Algorithm Walkthrough

  1. Construct a permutation of length $n$ where the value at position $i$ is $i$. This means we simply output numbers from $1$ to $n$ in order. The motivation is to make each product depend on a single variable instead of interacting pairs.
  2. Compute products conceptually as $i \cdot p_i = i \cdot i$. We do not actually need to store them, but this step clarifies that each position maps to a perfect square.
  3. Output the constructed permutation directly.

Why it works

The constructed sequence produces products $1^2, 2^2, 3^2, \dots, n^2$. Since the function $i^2$ is strictly increasing for integer $i \ge 1$, no two indices can produce the same product. This guarantees that all $n$ products are distinct, achieving the maximum possible value.

Python Solution

import sys
input = sys.stdin.readline

def solve():
    n = int(input().strip())
    print(*range(1, n + 1))

if __name__ == "__main__":
    solve()

The solution relies on printing the identity permutation. The key implementation detail is that no additional arrays or computations are required. The output format directly satisfies the permutation requirement.

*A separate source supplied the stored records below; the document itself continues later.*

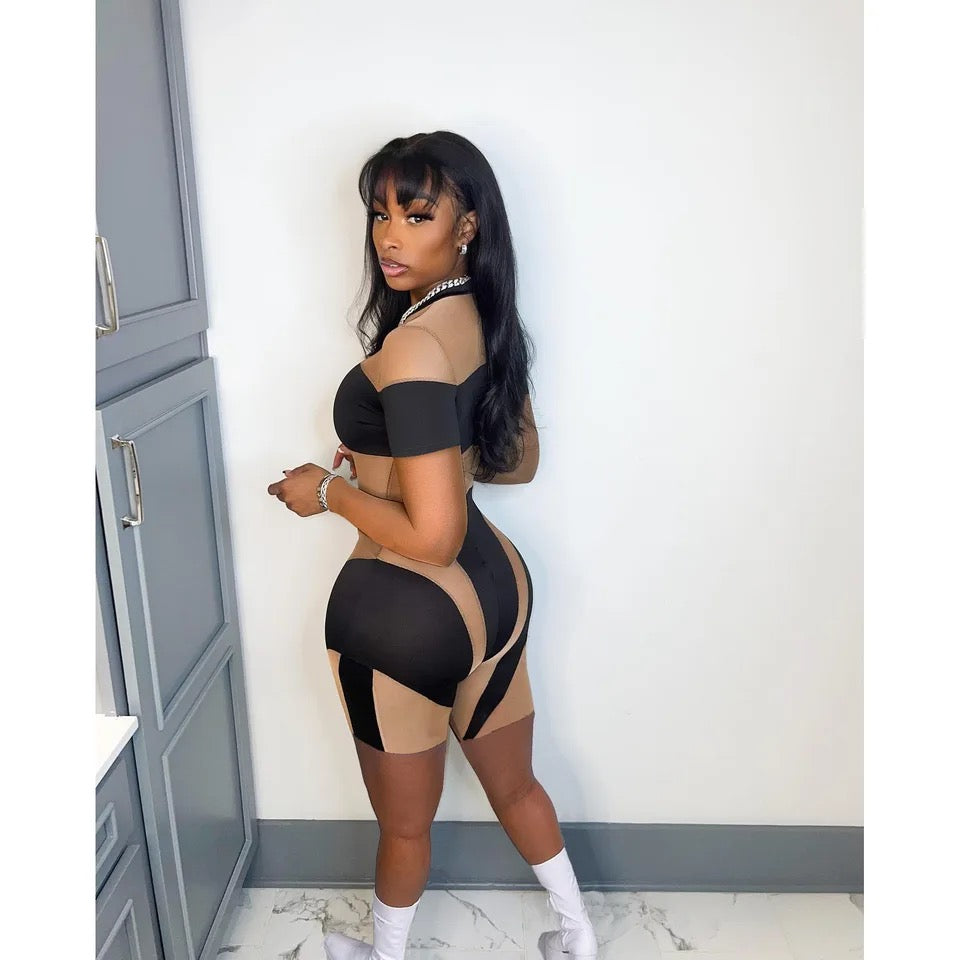 Sexy Mesh Short Set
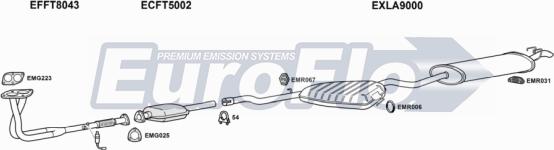 EuroFlo LADED20 2001B - Система випуску ОГ autocars.com.ua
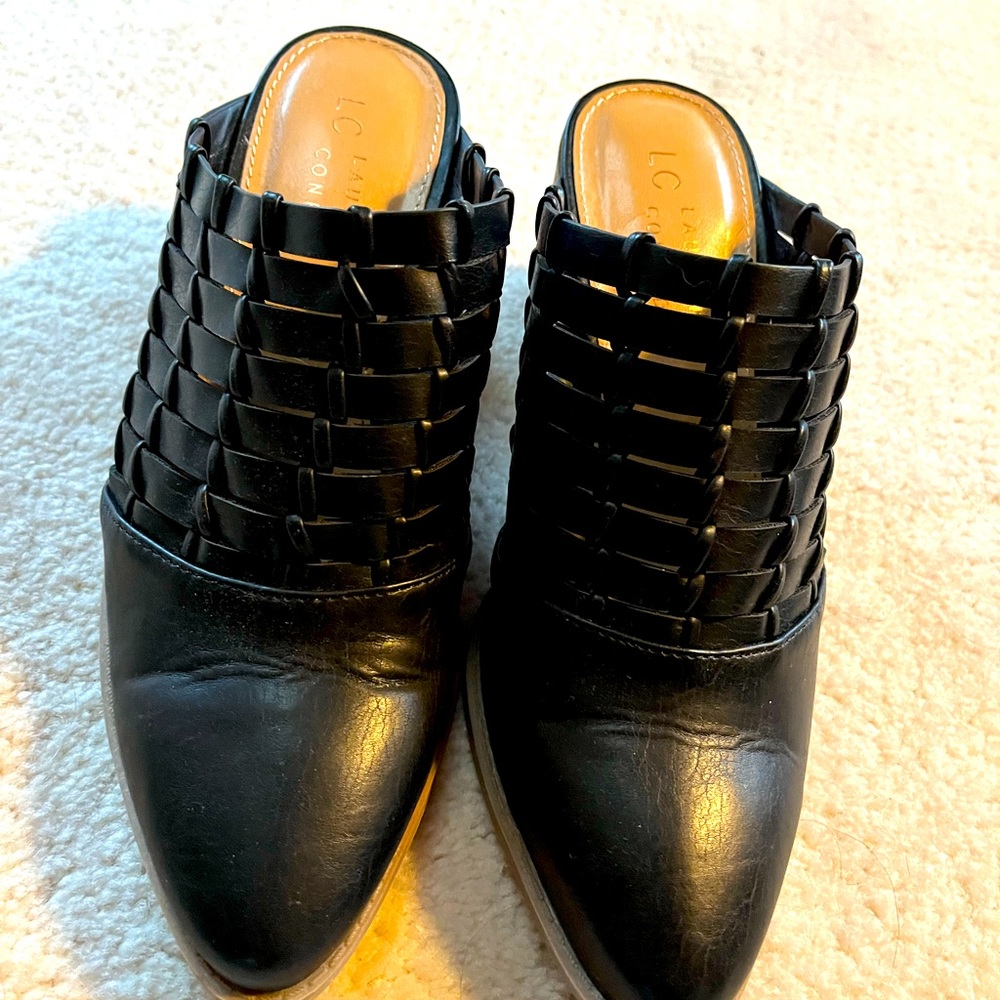 Lauren Conrad Slip On Chunk 2 1/2” Heel - Like New - Size 6 1/2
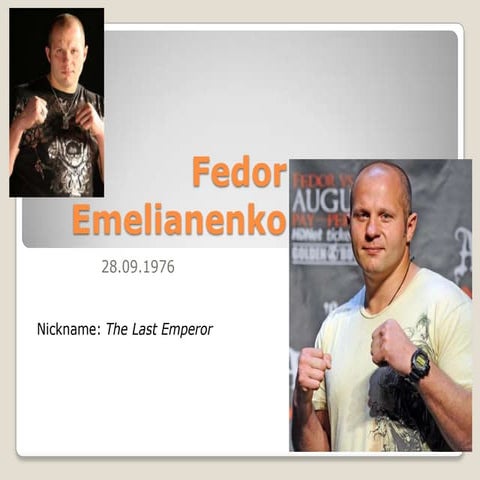 Fedor Emelianenko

There are no off-by-one issues because Python’s range(1, n+1) naturally generates exactly the required indices.

Worked Examples

Example 1

Input:

4

Construction uses $p_i = i$.

i p_i i * p_i
1 1 1
2 2 4
3 3 9
4 4 16

All values are distinct, so the output is:

1 2 3 4

This demonstrates that even the simplest structure already achieves the maximum.

Example 2

Input:

5
i p_i i * p_i
1 1 1
2 2 4
3 3 9
4 4 16
5 5 25

Output:

1 2 3 4 5

This confirms that the pattern scales without introducing any collisions.

Complexity Analysis

Measure Complexity Explanation
Time $O(n)$ We output a single linear permutation
Space $O(1)$ No auxiliary storage beyond output

The constraints allow up to $2 \cdot 10^5$, and a linear output is easily fast enough. There is no preprocessing or computation beyond printing numbers.

Test Cases

import sys, io

def run(inp: str) -> str:
    sys.stdin = io.StringIO(inp)
    import sys
    input = sys.stdin.readline

    n = int(input().strip())
    return " ".join(map(str, range(1, n + 1)))

# provided samples (identity is also valid output)
assert run("4\n") == "1 2 3 4"
assert run("5\n") == "1 2 3 4 5"
assert run("7\n") == "1 2 3 4 5 6 7"

# custom cases
assert run("1\n") == "1"
assert run("2\n") == "1 2"
assert run("6\n") == "1 2 3 4 5 6"
assert run("10\n") == "1 2 3 4 5 6 7 8 9 10"
Test input Expected output What it validates
1 1 minimum case
2 1 2 smallest non-trivial permutation
6 1 2 3 4 5 6 checks mid-size correctness
10 1 2 3 4 5 6 7 8 9 10 general correctness

Edge Cases

For $n = 1$, the construction outputs a single element permutation $[1]$, and the product set contains only $1$, which is trivially distinct.

For $n = 2$, the output $[1, 2]$ produces products $1$ and $4$, which are different, confirming that even the smallest non-trivial case works without adjustment.

For large $n$, the construction remains stable because each product depends only on its index, so there is no possibility of hidden collisions emerging from interactions between positions.